A 1993 study found that it improved the ability to detect faked but not genuine pain. A 2004 study found it had no effect on accuracy.

The METT/SETT is even less well-researched. In fact, only one pilot study that I know of has used it at all.

Yet Ekman makes some grand claims for its effectiveness. In a recent article for the journal Behavioral Science and the Law he notes that:

This Micro Expression Training Tool (METT) (Ekman, 2002) includes feedback about the correct answers, morphed faces contrasting the most difficult to discriminate emotions, and a pre and post test. In two recent studies, Ekman & Frank (2005) provided training on detecting deception using METT. They obtained a very large
increase in accuracy with less than one hour of training with METT.

Rather than research published in a peer-reviewed journal the Ekman and Frank (2005) reference turns out to be to a document listed only as “Revealing concealed emotions. Retrieved from http://www.paulekman.com”, which, I’m damned if I can find. Anywhere.

However, it is likely these techniques are already being used in training law enforcement officers, security guards and the like. Ekman’s corporate website notes that he’s signed a three year contract with the UK Police’s Anti-Terrorist Unit at New Scotland Yard.

One possibility is that either Ekman’s company or the US authorities have done extensive unpublished research to show that training in these or similar methods are effective at helping staff detect potential terrorists or risky passengers.

One difficulty with all deception research is that participants told to lie in the lab are not necessarily good models for ‘real-life’ deception, with all its complex motivations and emotional force.

Lab-based lies are likely to be a poor substitute an actual covert terrorist situation.

Link to Time article ‘A New Tack for Airport Screening: Behave Yourself’.
Link to NYT article ‘Faces, Too, Are Searched at U.S. Airports’.

6 thoughts on “The psychology of behavior detection officers”

  1. You know, for those whose IQs are 150 or above, they don’t need the read the manual or anything like that to have the ability to hide their emotion and/or detect other people’s.

    They just have it.

    1. Because this pseudo science is being used in the name of “security”. Remember, we must be protected at all cost even if it means giving up our liberties.

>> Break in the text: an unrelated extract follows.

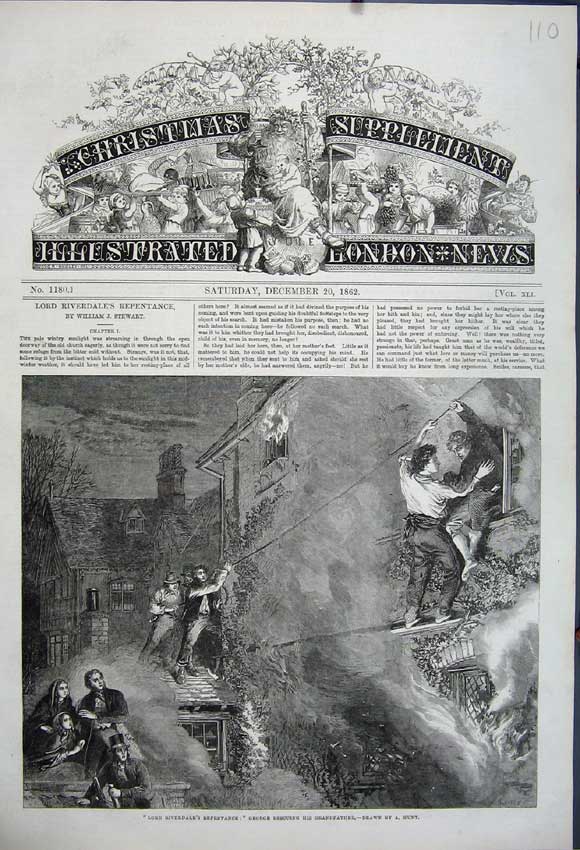 Original Old Antique Print Lord Riverdale 1862 George Rescuing Grandfather Fire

  2. I went to check the website Dr Ekman. I think the truth is in his face – Riping off big taxpayers money for a shit program!

  3. This is a great method and I think TSA is moving in the right direction. People who don’t like the security – do us all a favor and take a train or something. 75% of US people polled approve of the measures and job quality of TSA. I want to be safe. Remember – If they were not here the same procedures would be used regardless. Keep up the good work and keep moving toward risk based security – Don’t mind “the haters”. Remember – TSA is a 100% success rate since put into action.